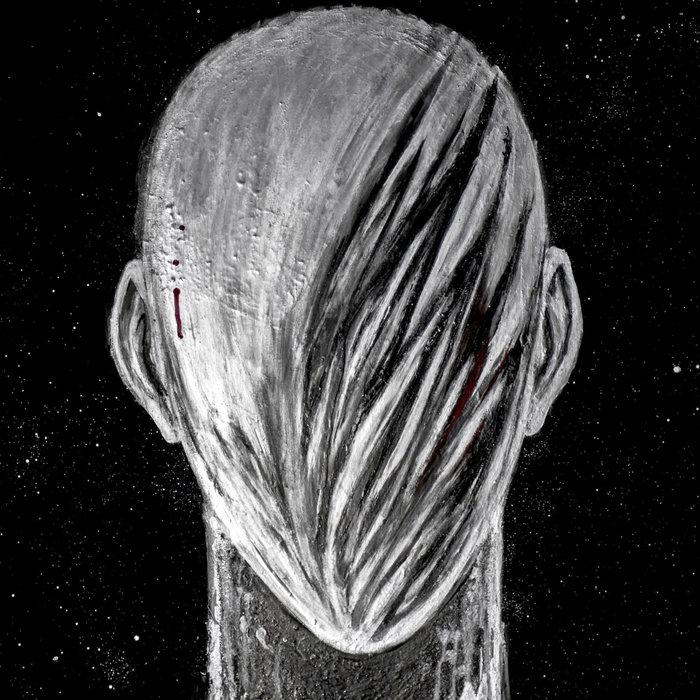 Brain Wash Gimmick - Dyelo think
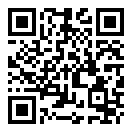 Scan to download on mobile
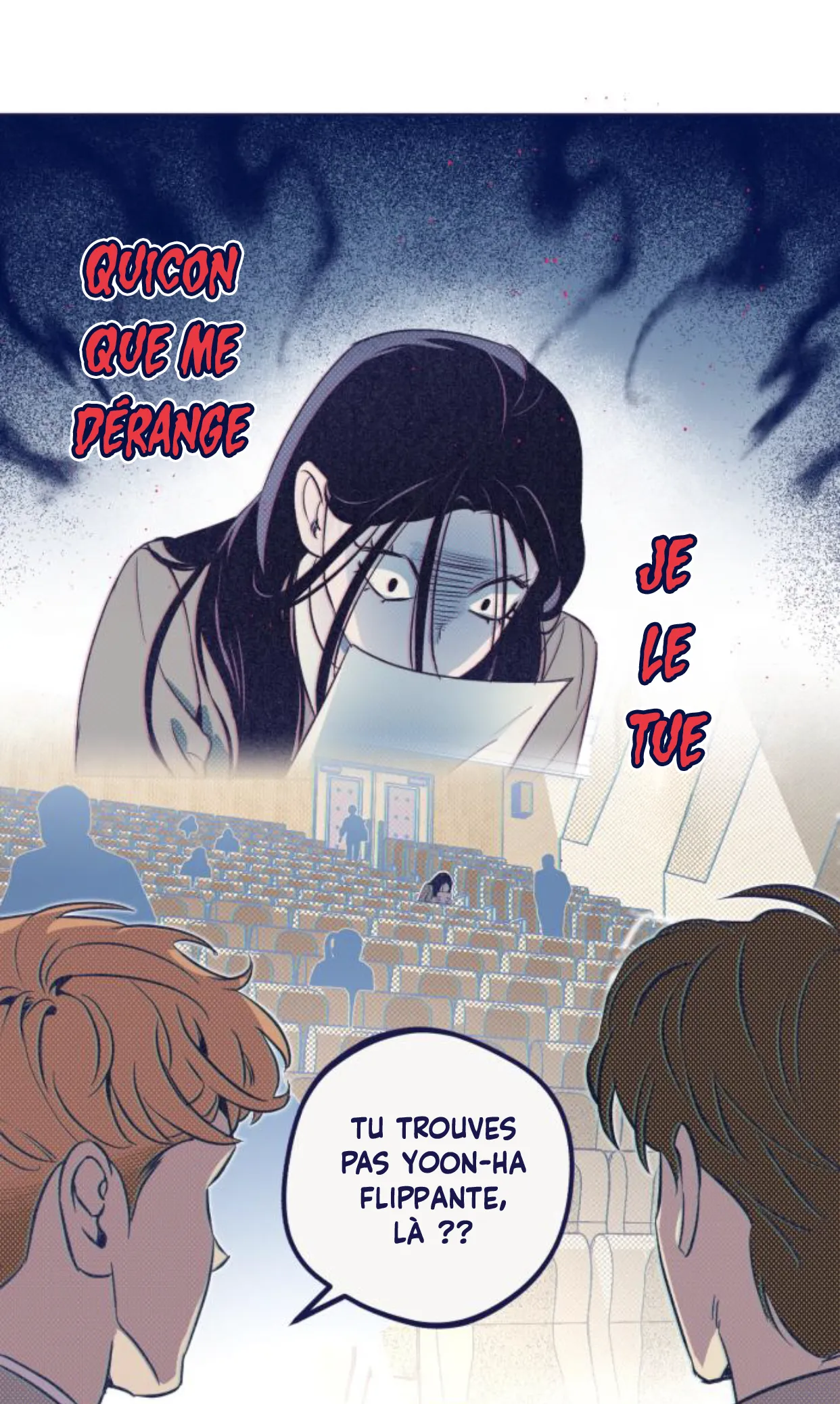 Chapter Image 519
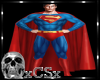 CS Superman CK v2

PROBLEM REQUIREMENTS: Every line from the one with "Scan to download on mobile" through the last line of the material gets printed exactly, and nothing more. Omit the pictures.

FINAL ANSWER:
 Scan to download on mobile
 Chapter Image 519
 CS Superman CK v2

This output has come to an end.